Action item - Return exactly the run of lines that begins at the line containing "レタッチバイフィフス(RETOUCH by fifth)" and ends at the last line of the material below; pictures stay out.

Provided entries -
======

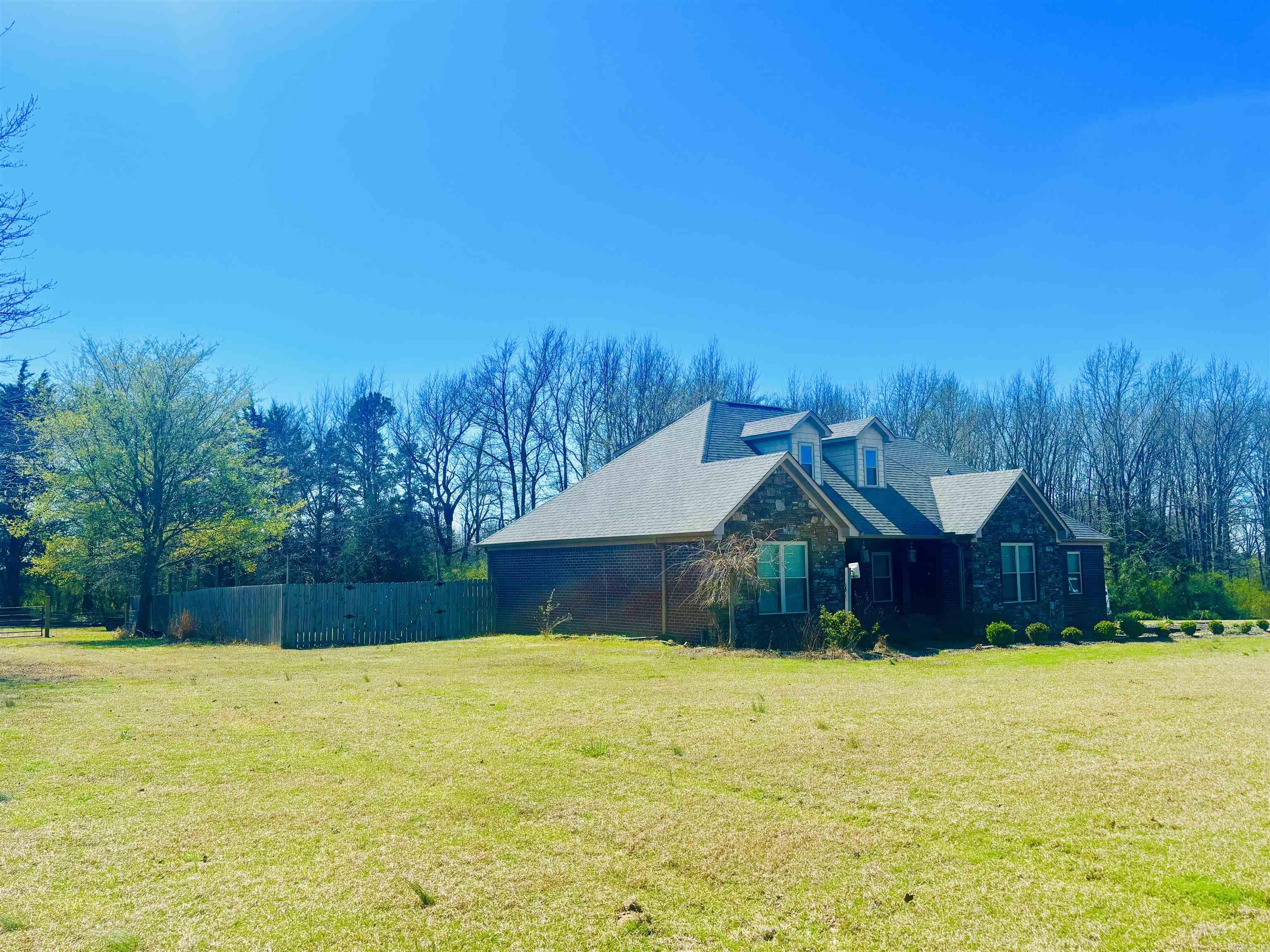 3 Dejarnett  Greenbrier, AR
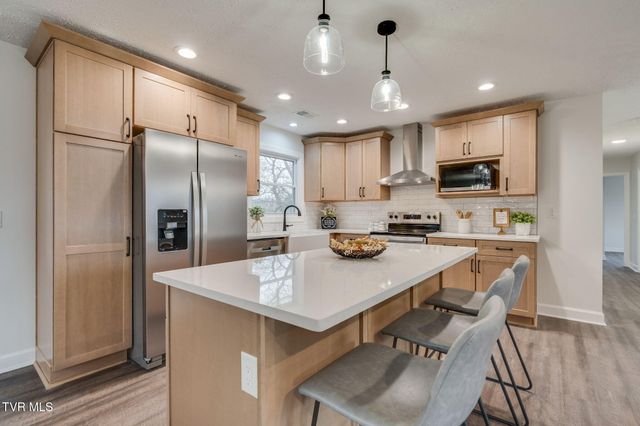 404 Oakmont Drive, Kingsport, TN 37663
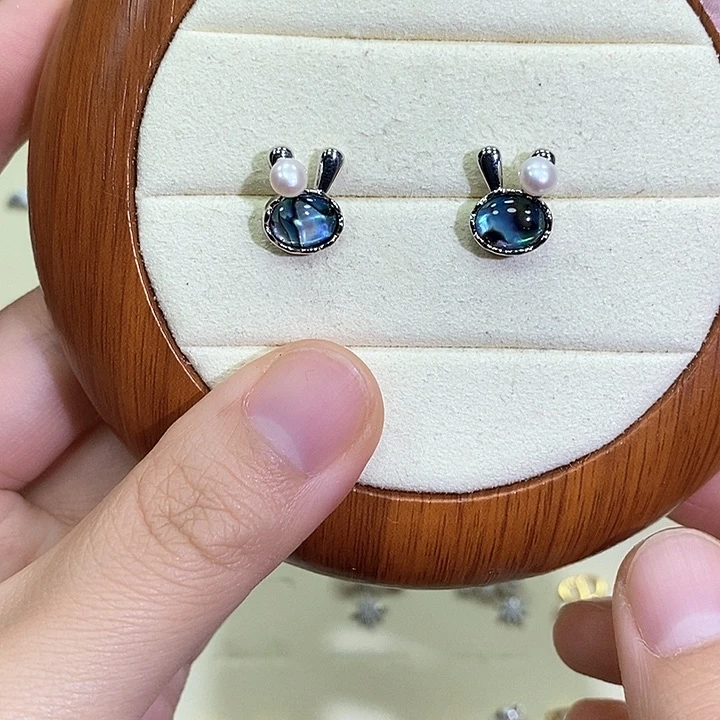 未镶嵌耳饰淡水珍珠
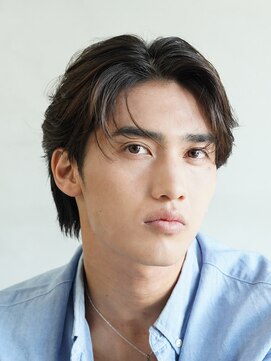 レタッチバイフィフス(RETOUCH by fifth) センターパートウルフカットシャドウパーマニュアンスパーマ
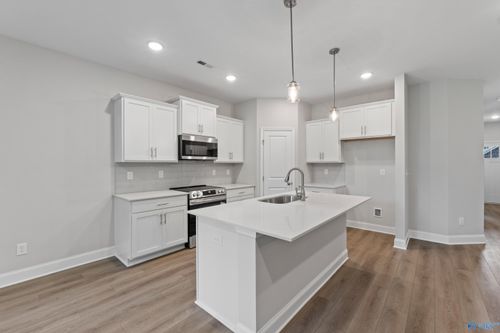 153 Rose Valley Dr, New Market, AL, 35761-7002 | Card Image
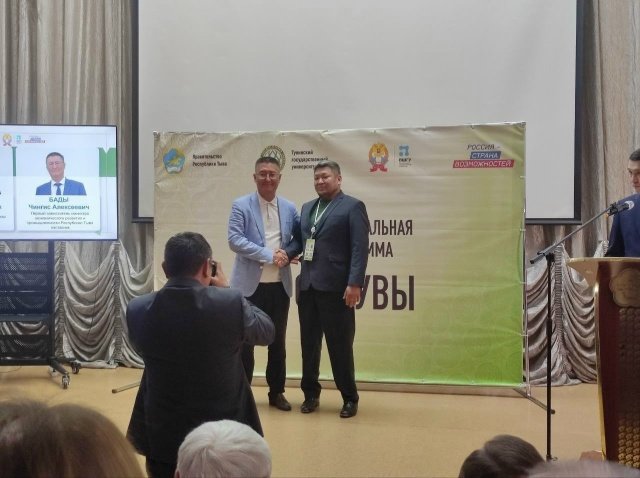 Айдын Ооржак проходит межмодульную стажировку в Минэкономразвития Республики Тыва в рамках проекта «Время Героев»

======

Output below -
 レタッチバイフィフス(RETOUCH by fifth) センターパートウルフカットシャドウパーマニュアンスパーマ
 153 Rose Valley Dr, New Market, AL, 35761-7002 | Card Image
 Айдын Ооржак проходит межмодульную стажировку в Минэкономразвития Республики Тыва в рамках проекта «Время Героев»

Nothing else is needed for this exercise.